| History and Facts Kudzu
belongs to the family Leguminosae. So like its cousin the pea plant,
it is a legume. Kudzu is in the genus Pueraria. Its botanical name
is Pueraria thunbergiana.
Kudzu was introduced to the United States in 1876
at the Centennial Exposition in Philadelphia, Pennsylvania. Countries
were invited to build exhibits to celebrate the 100th birthday of
the U.S. The Japanese Government constructed a beautiful garden
filled with plants from their country. The large leaves and sweet-smelling
blooms of kudzu captured the imagination of American gardeners who
used the plant for ornamental purposes.
Florida nursery operators, Charles and Lillie Pleas,
discovered that animals would eat the plant, and promoted its use
for forage in the 1920s. Their Glen Arden Nursery in Chipley sold
kudzu plants through the mail. A historical marker there proudly
proclaims "Kudzu Developed Here."
During the Great Depression of the 1930s, the Soil
Conservation Service promoted kudzu for erosion control. Hundreds
of young men were given work planting kudzu through the Civilian
Conservation Corps. Farmers were paid as much as eight dollars an
acre as incentive to plant fields of the vines in the 1940s.
Kudzu's most vocal advocate was Channing Cope of
Covington, Georgia, who promoted use of the vine to control erosion.

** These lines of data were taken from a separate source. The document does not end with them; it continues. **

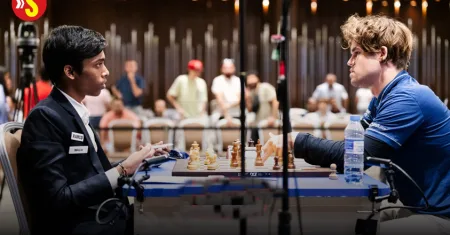 प्रज्ञानंद-कार्लसन अंतिम लढत ‘टायब्रेकर’मध्ये Pragyanand-Carlson final fight in 'tiebreaker'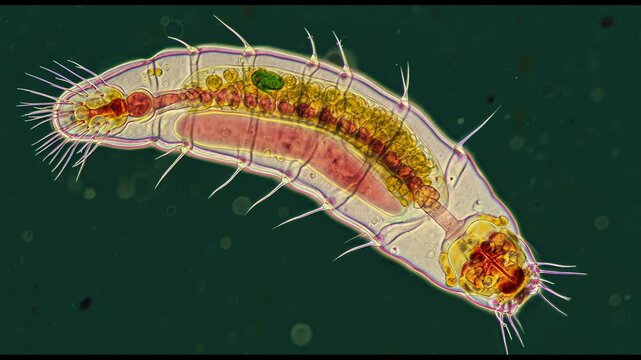 Close-up of parasitic micro worm (Trichinella spiralis) embedded in muscle tissue, coiled in a cyst under polarized light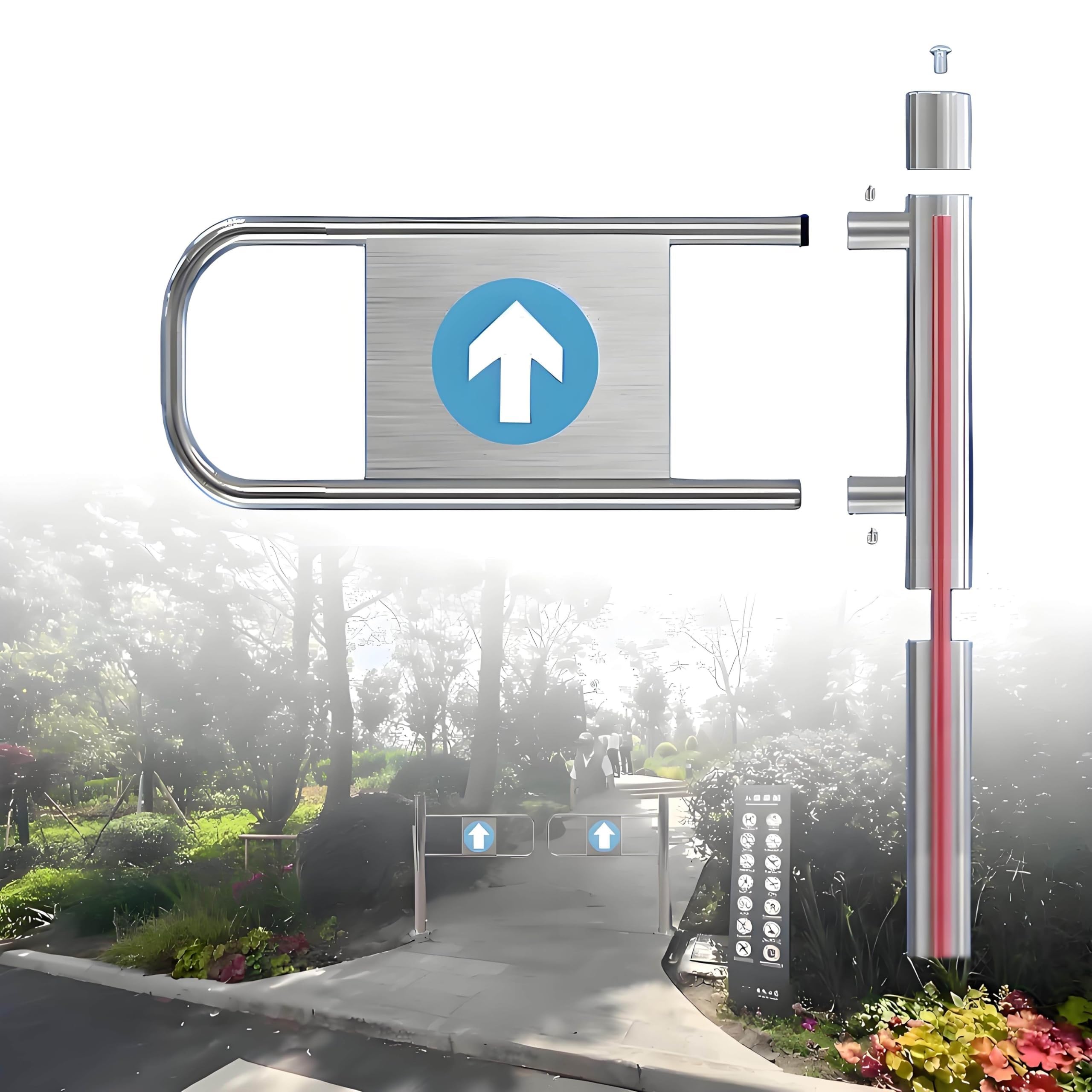 FHRKA Silver Warehouse Pedestrian Gate Door, Entrance Swing Gate for Supermarket, Spring-Loaded Cashier Counter Barrier (Right 90×100cm)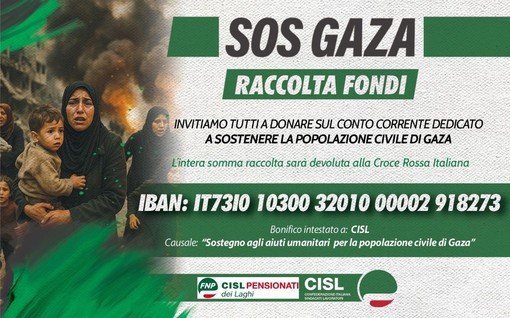 Guerra a Gaza, la Cisl lancia una raccolta fondi nazionale a sostegno della popolazione civile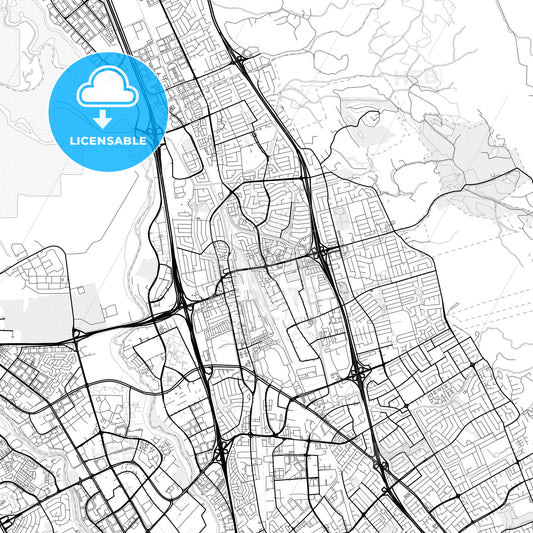 Vector PDF map of Milpitas, California, United States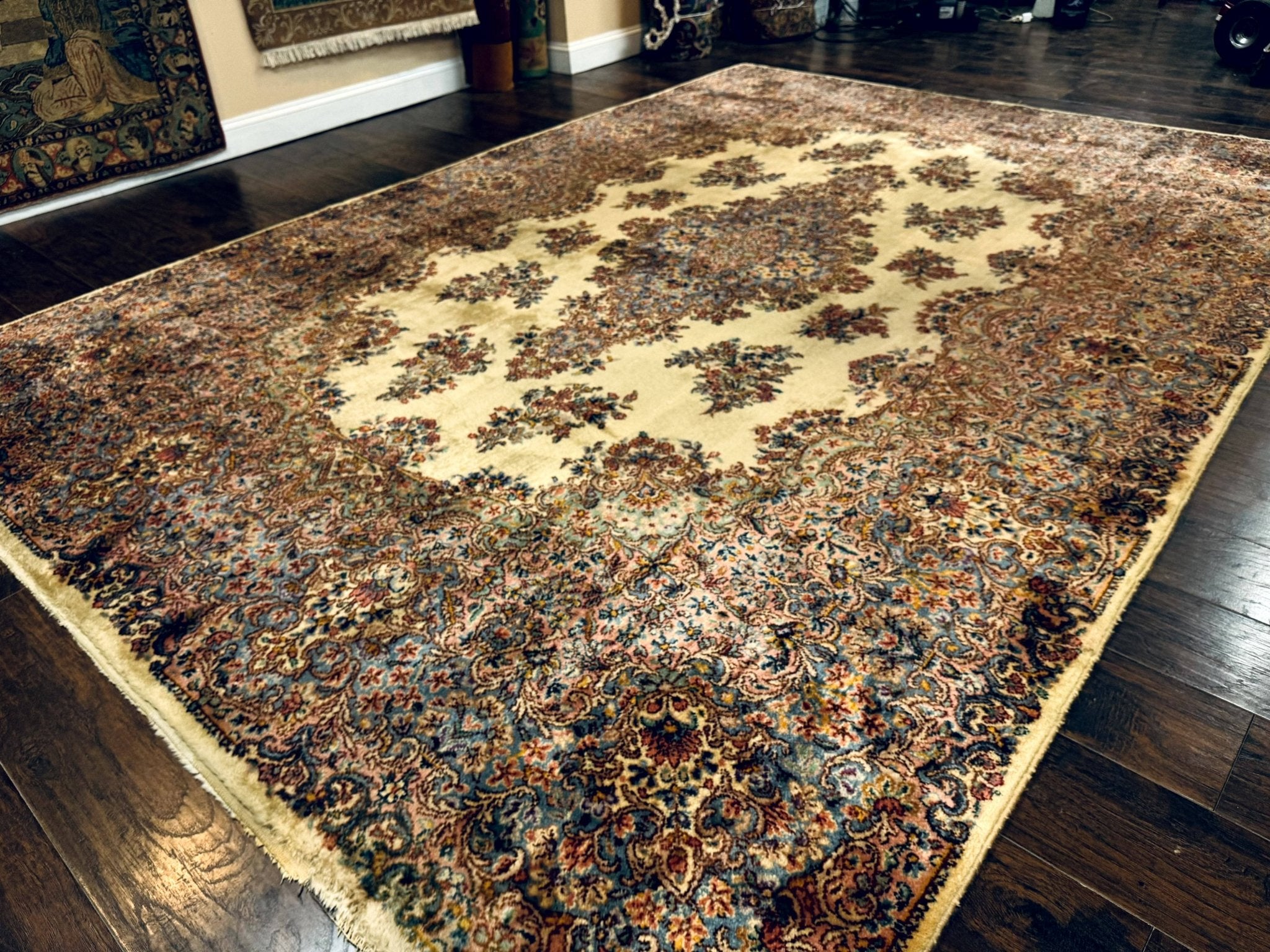 Karastan Kirman Rug 781, Antique Karastan Oriental Carpet 8.8 x 12, Wool Area Rug, Original Collection 700 Series, Rare Discontinued - Jewel RugsShopify CollectiveHUNTEDFOX - Karastan Kirman Rug 781, Antique Karastan Oriental Carpet 8.8 x 12, Wool Area Rug, Original Collection 700 Series, Rare Discontinued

Cope wrote about kudzu in articles for the Atlanta Constitution,
and talked about its virtues frequently on his daily WSB-AM radio
program broadcast from his front porch. During the 1940s, he travelled
across the southeast starting Kudzu Clubs to honor what he called
"the miracle vine." Cope was very disappointed when the
U.S. government stopped advocating the use of kudzu in 1953.
Other facts about Kudzu:
• Common names for Kudzu include: "mile-a-minute
vine", "foot-a-night vine", and "the vine that
ate the South".
• It has claimed an estimated seven million acres of land
in the Southeastern United States and is currently consuming over
120,000 acres per year.
• Typically, only the kudzu that is encroaching on developed
property is controlled, while undeveloped areas are ignored, allowing
it to continue spreading in all other directions. It is not uncommon
for kudzu to completely surround a piece of property.
• Kudzu kills or degrades other plants by smothering them
under a solid blanket of leaves, by girdling woody stems and tree
trunks, and by breaking branches or uprooting entire trees and shrubs
through the sheer force of its weight.
• Once established, kudzu plants grow rapidly. Under ideal
conditions, kudzu vines grow sixty feet (!) each year.
• A single Kudzu vine can extend 100 feet from the center
of the plant and be up to 6 inches in diameter.
• Kudzu roots are fleshy, with massive taproots 7+ inches
in diameter, 6 feet or more in length, sometimes weighing 400 pounds.
• 30 vines can grow from a single root crown .
• Kudzu can be killed back with certain herbicides labeled
for such use. To kill the root, repeat applications over several
years is usually required.

Cross section of 5 inch
kudzu vine.
This vine was growing eighty feet
up into the canopy of a specimen White Oak Tree at the Atlanta Botanical
Garden. The mushrooms appeared shortly after this vine was cut.